**WHAT IS REQUIRED:** Exactly as written, return all the data, leaving its pictures behind.

**DATA BELOW:**
####
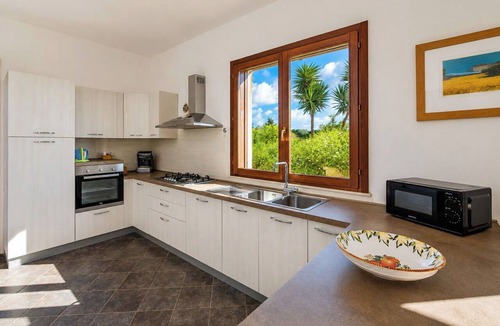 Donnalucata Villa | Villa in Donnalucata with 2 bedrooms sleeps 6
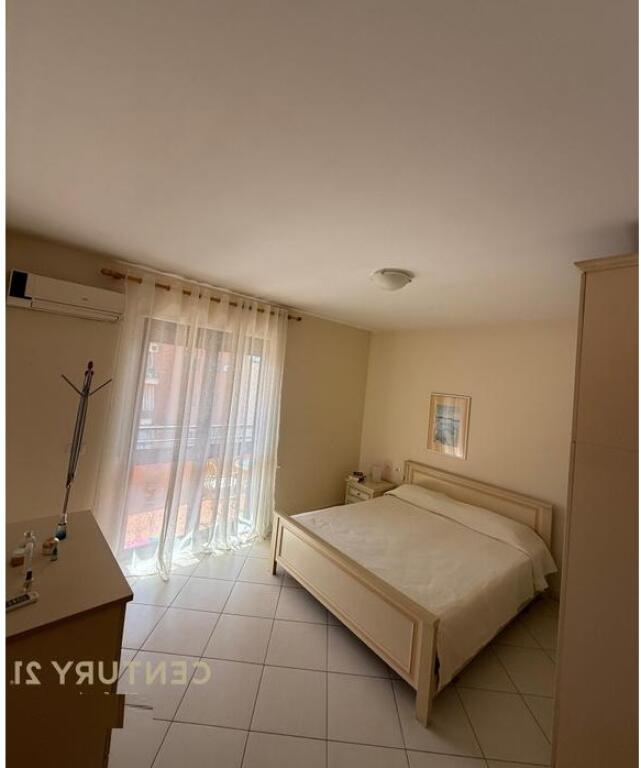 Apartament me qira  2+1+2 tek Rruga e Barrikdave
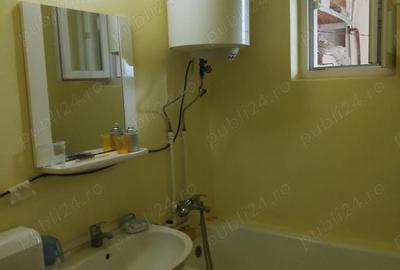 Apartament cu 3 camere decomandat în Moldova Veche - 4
####
**ANSWER TO THIS PROBLEM:**
 Donnalucata Villa | Villa in Donnalucata with 2 bedrooms sleeps 6
 Apartament me qira  2+1+2 tek Rruga e Barrikdave
 Apartament cu 3 camere decomandat în Moldova Veche - 4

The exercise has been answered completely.